Task objective:
Your answer must be only the lines below from the one containing "Property photo 3 of 9 Front" through the one containing "Country house Statham", copied exactly, with the pictures left out.

Material for this exercise:
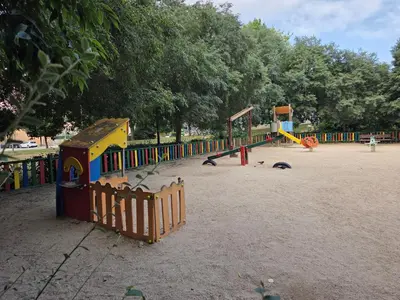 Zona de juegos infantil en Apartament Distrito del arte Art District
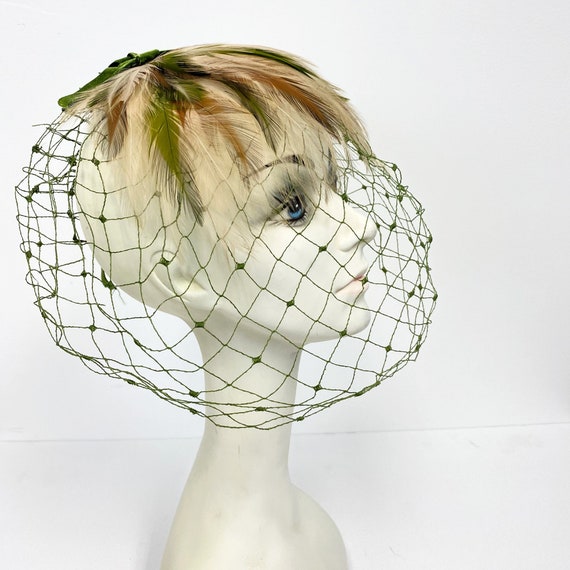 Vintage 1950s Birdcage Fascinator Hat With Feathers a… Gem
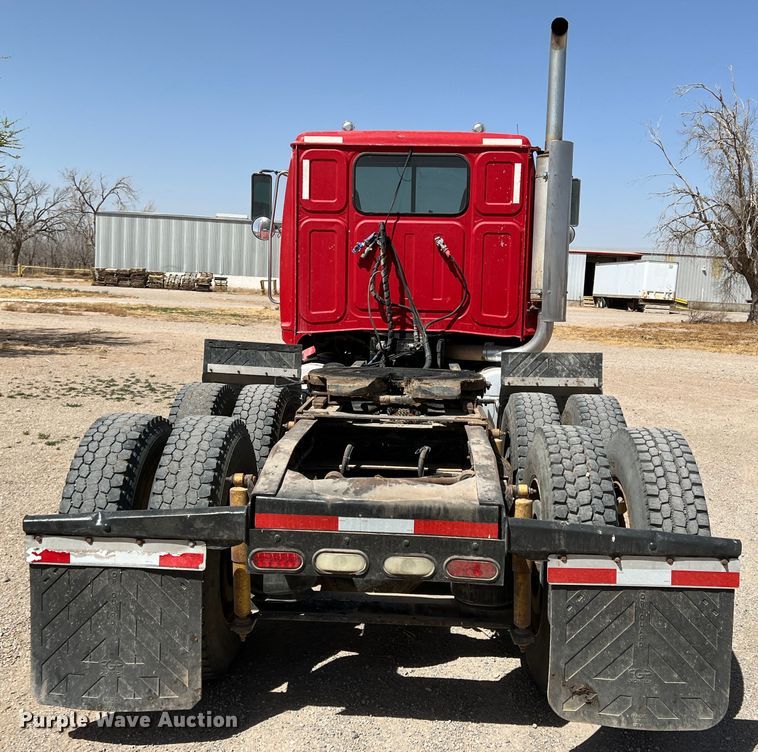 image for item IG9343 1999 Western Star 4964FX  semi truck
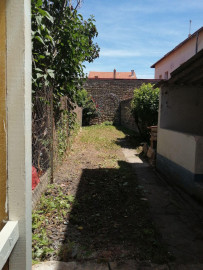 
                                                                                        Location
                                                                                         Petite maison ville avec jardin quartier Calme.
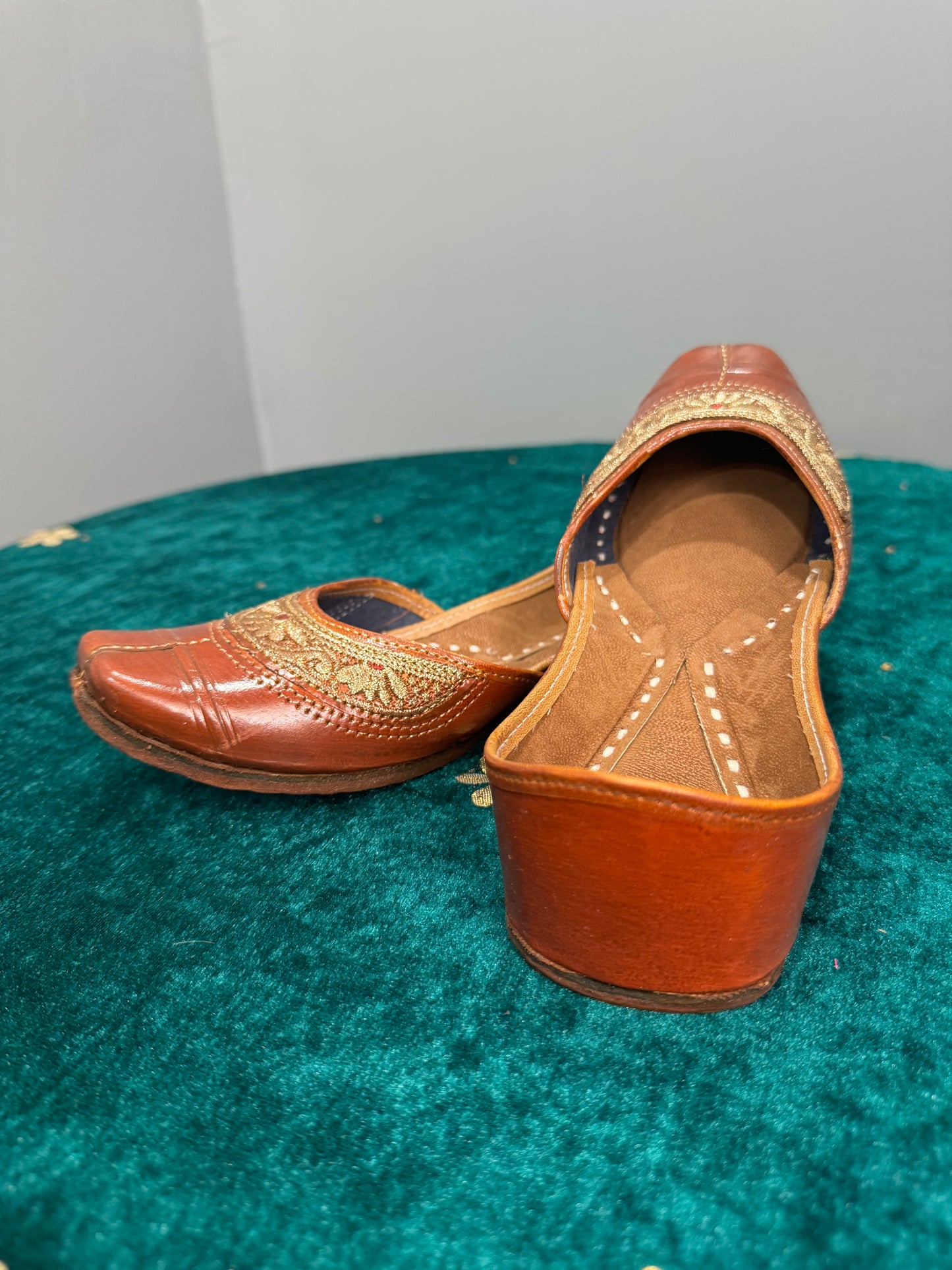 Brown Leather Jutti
--
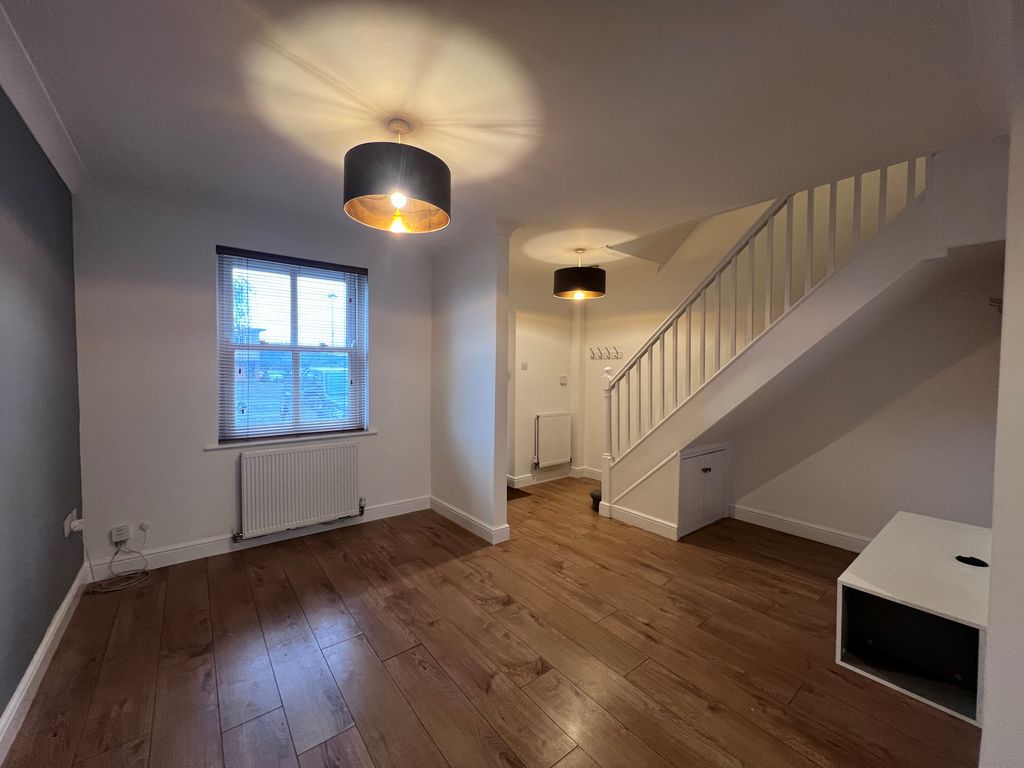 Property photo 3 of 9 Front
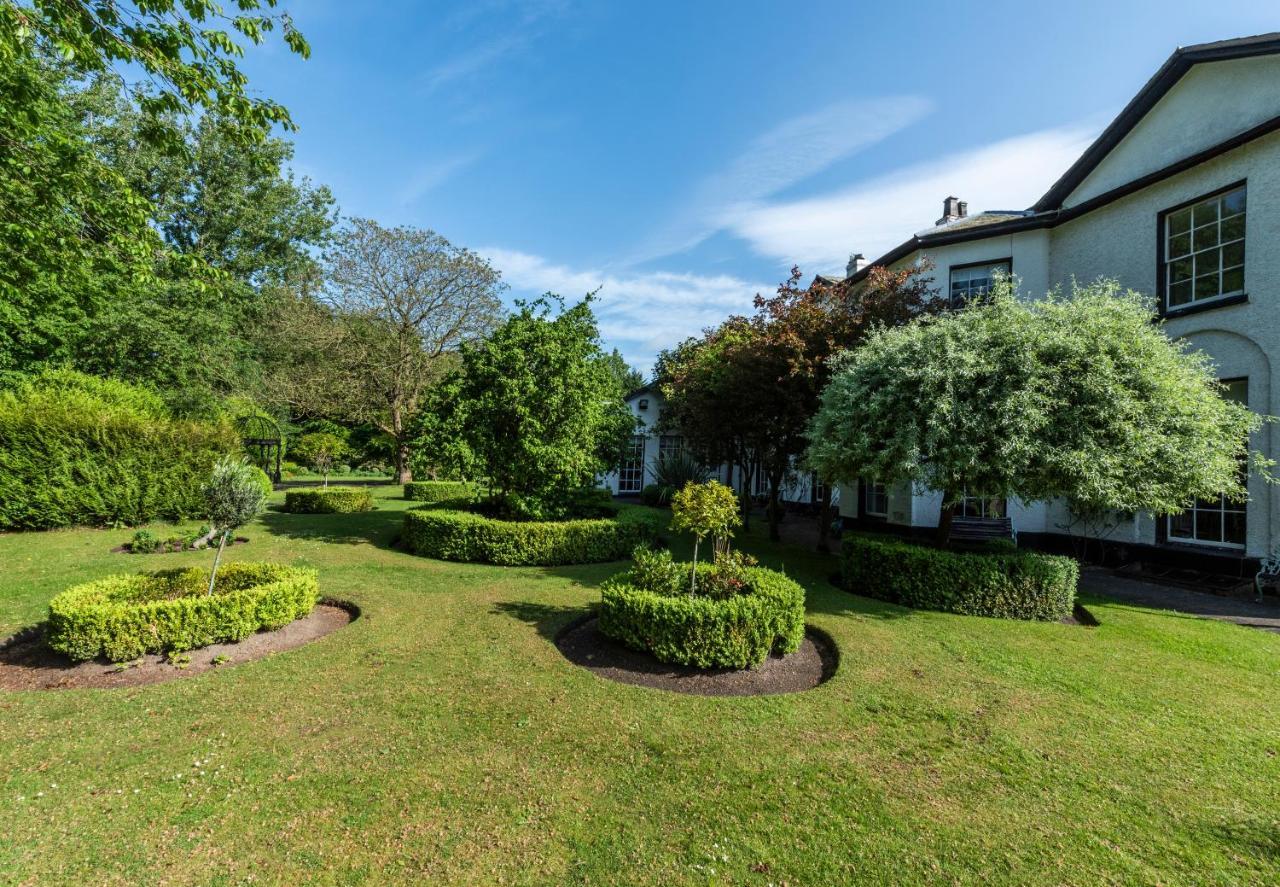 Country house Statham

Task result:
 Property photo 3 of 9 Front
 Country house Statham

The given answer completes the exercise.